Na decisão que mandou deflagrar a Carne Fraca, em 17 de março, o juiz também destacou trechos do diálogo entre Flávio Cassou e o fiscal Eraldo. Segundo o magistrado, "a emissão de certificados pelos servidores competentes do Ministério da Agricultura, Pecuária e Abastecimento deve cercar-se de prévio e rígido controle e verificação dos produtos a serem regularizados para venda/exportação".
"Nos casos de exportação, o responsável pela emissão deve acompanhar o carregamento dos contentores de exportação. Infelizmente, não é o que se observou até o momento", observou Marcos Josegrei.

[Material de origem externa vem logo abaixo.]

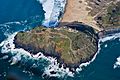 Aerial view of Point Sur Lighthouse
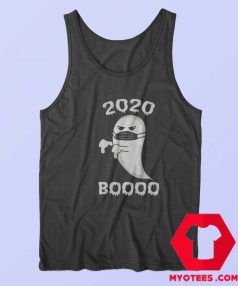 Boo Ghost Mask Funny Halloween Tank Top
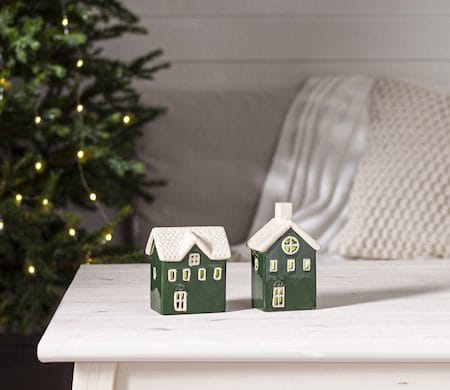 Husby juledekoration 19 cm - Grøn - Belysning - Lamper & indendørsbelysning - Dekorativ belysning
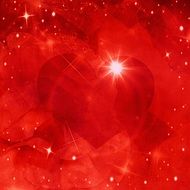 Love Heart Romance Red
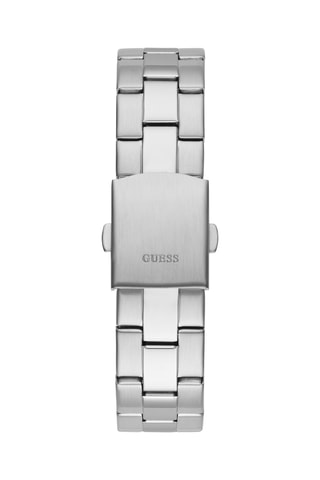 Stalen Quartz Horloge - Zilverkleurig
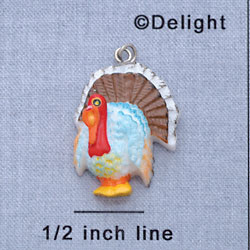 7482* tlf - Washed Turkey - Resin Charm (12 per package)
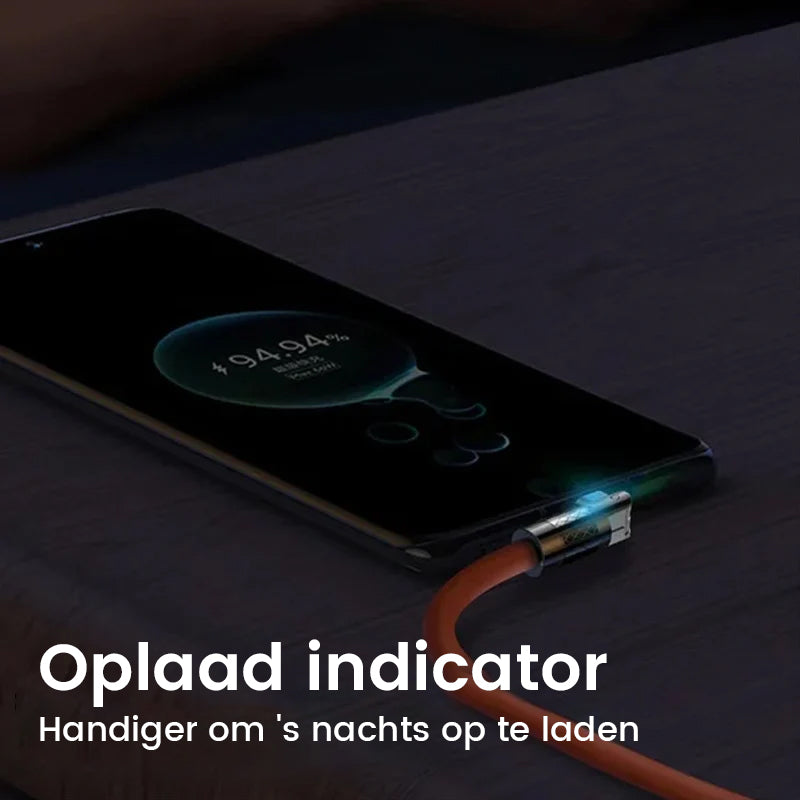 180° roterende snellaadkabel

O juiz apontou para o "modus operandi".
"Quanto às exportações, a emissão de Certificado Sanitário Internacional também era feita de maneira puramente formal, havendo empresas, como a Seara, representada por Flávio Evers Cassou, que aceita até arriscar o não embarque da carga, devido à assinatura de certificados por fiscal não autorizado a tanto", anotou o magistrado.
A reportagem entrou em contato com o Ministério da Agricultura e deixou o espaço aberto para manifestação.
Pelo lado da JBS, a companhia informou que opera de acordo com a legislação e mantém rígidos padrões e processos para garantir a qualidade dos seus produtos. A empresa disse ainda que não compactua com qualquer desvio de conduta de seus funcionários e tomará as medidas cabíveis.